Regarding your first question:

It could be down to driver settings of your new vs. old laptop. I recommend checking the anisotrophic filter settings as well as the other texture filtering options in the driver.

From a code perspective, to make the textures look nicer, change the min/mag filters from GL_NEAREST to Gl_LINEAR at the very least. Alternatively, going a step further, you can use mipmapping, like so:

glTexParameteri(GL_TEXTURE_2D, GL_TEXTURE_MIN_FILTER, GL_NEAREST_MIPMAP_NEAREST);
glTexParameteri(GL_TEXTURE_2D, GL_TEXTURE_MAG_FILTER, GL_NEAREST);
glGenerateMipmap(GL_TEXTURE_2D);

Regarding your second question: I believe the MS Windows resize feature influences the glViewPort and thus changes the rendered result.

Hope this helps.

It’s more likely that Windows is lying about the size of the window.

I agree, thats what I meant, I just phrased it poorly.

Yes. This annoying thing is supposed to be a “value add” from having the entire screen run through the Windows DWM compositor before it’s displayed (except for the fullscreen flip special-case). Ooh, cool. So you can render at one res and then resize the whole thing on-the-fly to another res and make the screen blurry.

It’s dumb. Just set this to 100% and leave it. Then the pixels you render end up being pixels on your monitor’s framebuffer, without any value-add blurring from the compositor.

Also related to this blurring/effective res thing…

On some laptops (e.g. Optimus), you have to jack with the Intel GPU settings to get it to stop screwing around with your desktop res and scaling as well.

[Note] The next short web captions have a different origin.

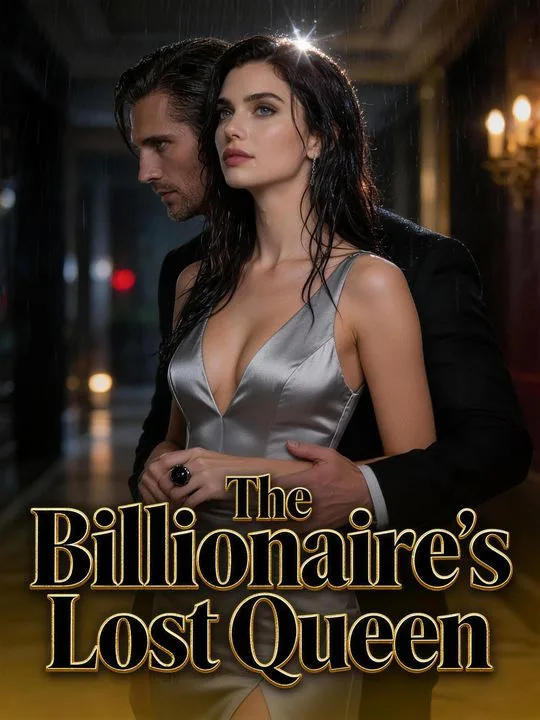 The Billionaire’s Lost Queen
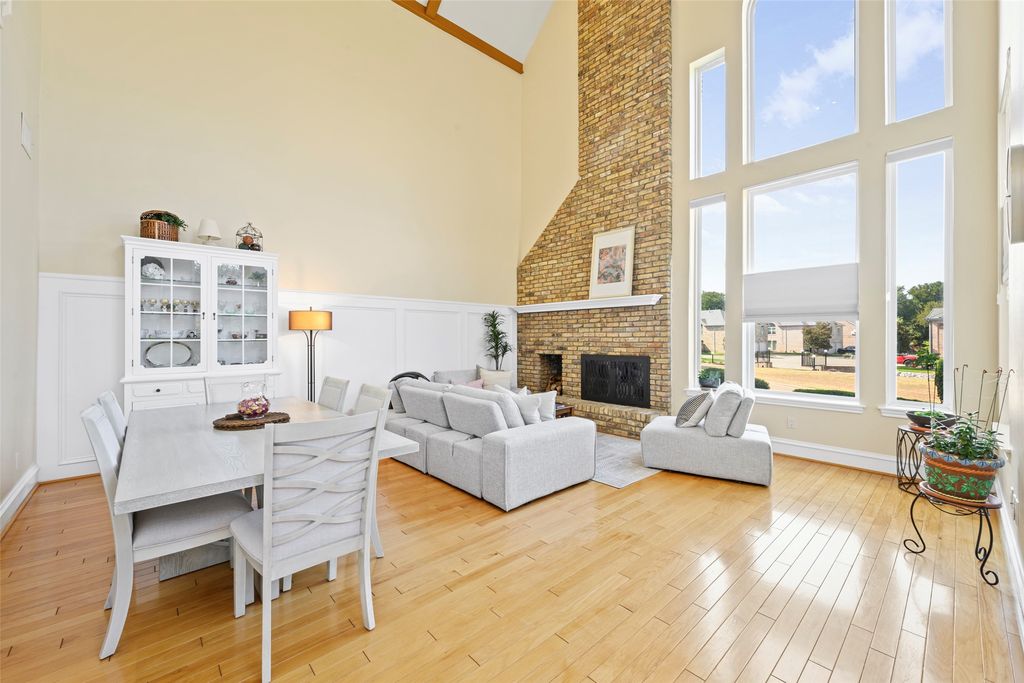 8404 Sunset Cove Drive, Fort Worth, TX 76179 — photo 5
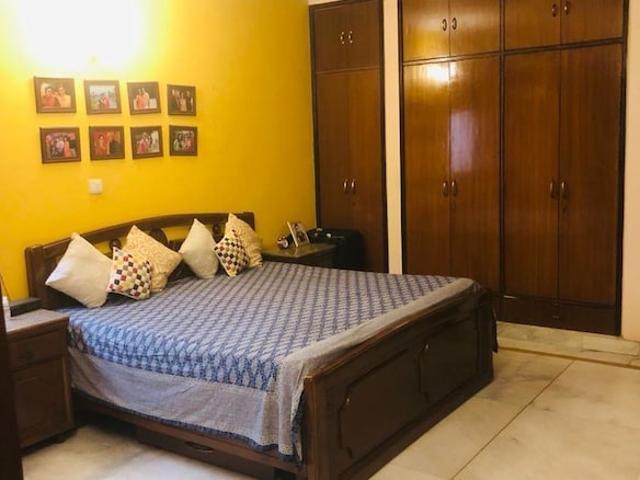 Paras Dews 3 Bedroom 1665 Sq. Ft. Apartment in Sector 106 Gurgaon Listing ID: #10328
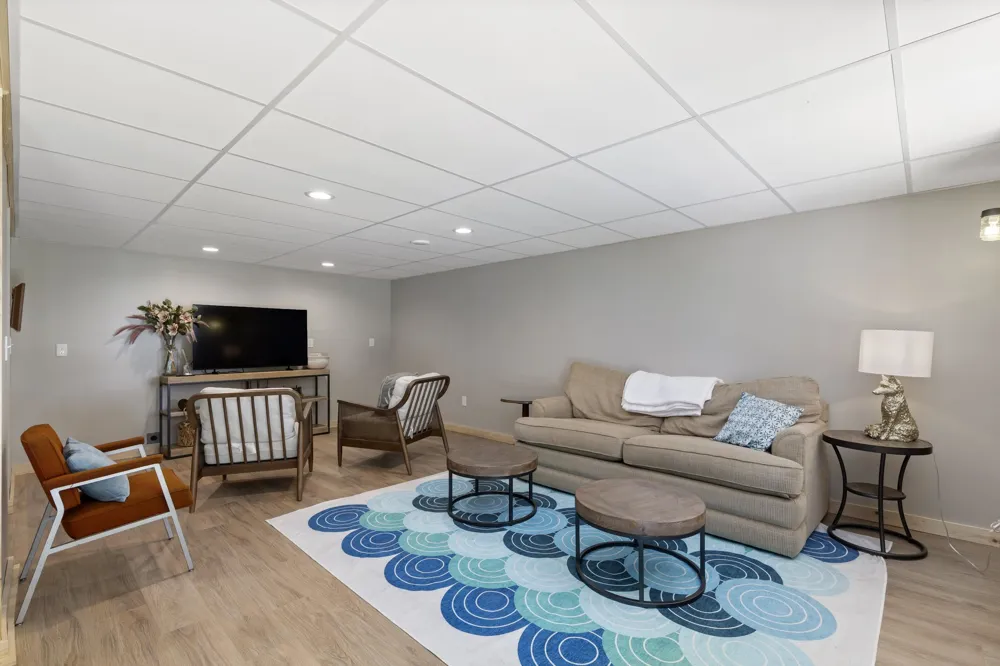 1518 Birch Blaine Township, MI 49635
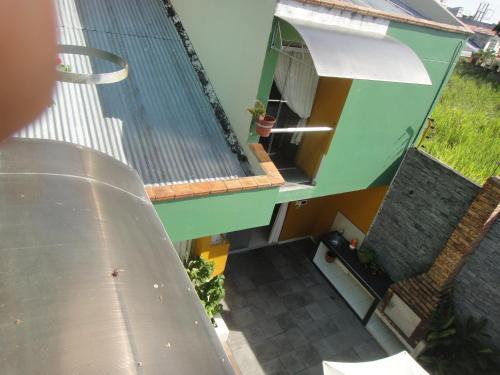 Hostal Apart Hotel Amy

As mentioned, this isn’t going to mess with your OpenGL context state (e.g. glViewport / glScissor settings). As far as the window size, what usually happens with typical Win32 creation code is that the size/position of your window is clamped from what you request so that it fits on the desktop, which may result in the size you originally request being different from the size you end up getting. You need to handle that case, if you don’t preclude it with your window size/placement code.

Plus, if you’re rendering to an offscreen FBO and then blit to the window, you need to flow this to your offscreen FBO creation too. What can happen is you try to create both to be WIDTH1 x HEIGHT1 pixels, the window size gets clamped to WIDTH2 x HEIGHT2, and then your blits from MSAA offscreen FBO to window start failing because you’re trying to resize and downsample in the same blit. Unextended glBlitFramebuffer() won’t do that (you’ll get a GL_INVALID_OPERATION if you try). You’ll either need to use 2 blits, or use EXT_framebuffer_multisample_blit_scaled so you can do both operations in 1 blit, or better just make sure you create the offscreen FBO so that it’s the same size (in pixels) as the final, clamped window size.